• DATA:
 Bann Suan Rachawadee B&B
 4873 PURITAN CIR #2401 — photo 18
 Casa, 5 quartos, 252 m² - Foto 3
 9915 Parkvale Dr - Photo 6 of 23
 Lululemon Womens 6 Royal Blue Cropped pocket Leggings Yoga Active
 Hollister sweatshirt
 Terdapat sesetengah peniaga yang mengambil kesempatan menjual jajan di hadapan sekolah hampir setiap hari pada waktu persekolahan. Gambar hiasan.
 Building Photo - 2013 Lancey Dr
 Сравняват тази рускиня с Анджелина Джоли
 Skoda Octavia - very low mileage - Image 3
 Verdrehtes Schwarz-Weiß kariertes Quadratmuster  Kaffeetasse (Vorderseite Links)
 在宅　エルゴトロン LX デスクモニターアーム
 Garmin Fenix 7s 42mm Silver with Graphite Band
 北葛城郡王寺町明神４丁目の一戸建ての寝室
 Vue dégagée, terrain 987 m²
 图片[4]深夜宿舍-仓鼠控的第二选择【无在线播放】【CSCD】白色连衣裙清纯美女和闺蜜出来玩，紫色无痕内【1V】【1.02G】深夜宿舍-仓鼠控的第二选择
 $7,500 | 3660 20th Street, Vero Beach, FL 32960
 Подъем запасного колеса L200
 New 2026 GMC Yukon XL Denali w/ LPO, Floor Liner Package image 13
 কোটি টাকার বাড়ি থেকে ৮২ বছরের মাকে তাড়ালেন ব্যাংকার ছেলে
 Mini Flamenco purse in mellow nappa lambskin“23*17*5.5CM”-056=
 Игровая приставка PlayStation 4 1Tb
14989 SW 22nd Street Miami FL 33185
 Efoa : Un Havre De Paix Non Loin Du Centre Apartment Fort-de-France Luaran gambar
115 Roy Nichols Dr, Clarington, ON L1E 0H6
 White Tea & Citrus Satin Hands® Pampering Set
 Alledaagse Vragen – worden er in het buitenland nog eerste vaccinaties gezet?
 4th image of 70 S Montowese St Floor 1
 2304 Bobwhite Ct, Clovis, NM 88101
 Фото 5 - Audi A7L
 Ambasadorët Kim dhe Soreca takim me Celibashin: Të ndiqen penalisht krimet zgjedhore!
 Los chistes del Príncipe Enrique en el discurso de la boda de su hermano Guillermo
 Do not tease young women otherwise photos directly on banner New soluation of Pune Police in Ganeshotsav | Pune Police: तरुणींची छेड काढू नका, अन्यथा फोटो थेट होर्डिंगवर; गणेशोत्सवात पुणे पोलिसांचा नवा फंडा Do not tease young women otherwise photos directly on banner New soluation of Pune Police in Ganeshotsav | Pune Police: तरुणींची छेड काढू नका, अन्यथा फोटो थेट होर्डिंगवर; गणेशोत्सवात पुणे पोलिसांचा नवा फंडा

• ASSIGNMENT: The response has to match the records above word for word.

• TASK RESULT:
 Bann Suan Rachawadee B&B
 4873 PURITAN CIR #2401 — photo 18
 Casa, 5 quartos, 252 m² - Foto 3
 9915 Parkvale Dr - Photo 6 of 23
 Lululemon Womens 6 Royal Blue Cropped pocket Leggings Yoga Active
 Hollister sweatshirt
 Terdapat sesetengah peniaga yang mengambil kesempatan menjual jajan di hadapan sekolah hampir setiap hari pada waktu persekolahan. Gambar hiasan.
 Building Photo - 2013 Lancey Dr
 Сравняват тази рускиня с Анджелина Джоли
 Skoda Octavia - very low mileage - Image 3
 Verdrehtes Schwarz-Weiß kariertes Quadratmuster  Kaffeetasse (Vorderseite Links)
 在宅　エルゴトロン LX デスクモニターアーム
 Garmin Fenix 7s 42mm Silver with Graphite Band
 北葛城郡王寺町明神４丁目の一戸建ての寝室
 Vue dégagée, terrain 987 m²
 图片[4]深夜宿舍-仓鼠控的第二选择【无在线播放】【CSCD】白色连衣裙清纯美女和闺蜜出来玩，紫色无痕内【1V】【1.02G】深夜宿舍-仓鼠控的第二选择
 $7,500 | 3660 20th Street, Vero Beach, FL 32960
 Подъем запасного колеса L200
 New 2026 GMC Yukon XL Denali w/ LPO, Floor Liner Package image 13
 কোটি টাকার বাড়ি থেকে ৮২ বছরের মাকে তাড়ালেন ব্যাংকার ছেলে
 Mini Flamenco purse in mellow nappa lambskin“23*17*5.5CM”-056=
 Игровая приставка PlayStation 4 1Tb
14989 SW 22nd Street Miami FL 33185
 Efoa : Un Havre De Paix Non Loin Du Centre Apartment Fort-de-France Luaran gambar
115 Roy Nichols Dr, Clarington, ON L1E 0H6
 White Tea & Citrus Satin Hands® Pampering Set
 Alledaagse Vragen – worden er in het buitenland nog eerste vaccinaties gezet?
 4th image of 70 S Montowese St Floor 1
 2304 Bobwhite Ct, Clovis, NM 88101
 Фото 5 - Audi A7L
 Ambasadorët Kim dhe Soreca takim me Celibashin: Të ndiqen penalisht krimet zgjedhore!
 Los chistes del Príncipe Enrique en el discurso de la boda de su hermano Guillermo
 Do not tease young women otherwise photos directly on banner New soluation of Pune Police in Ganeshotsav | Pune Police: तरुणींची छेड काढू नका, अन्यथा फोटो थेट होर्डिंगवर; गणेशोत्सवात पुणे पोलिसांचा नवा फंडा Do not tease young women otherwise photos directly on banner New soluation of Pune Police in Ganeshotsav | Pune Police: तरुणींची छेड काढू नका, अन्यथा फोटो थेट होर्डिंगवर; गणेशोत्सवात पुणे पोलिसांचा नवा फंडा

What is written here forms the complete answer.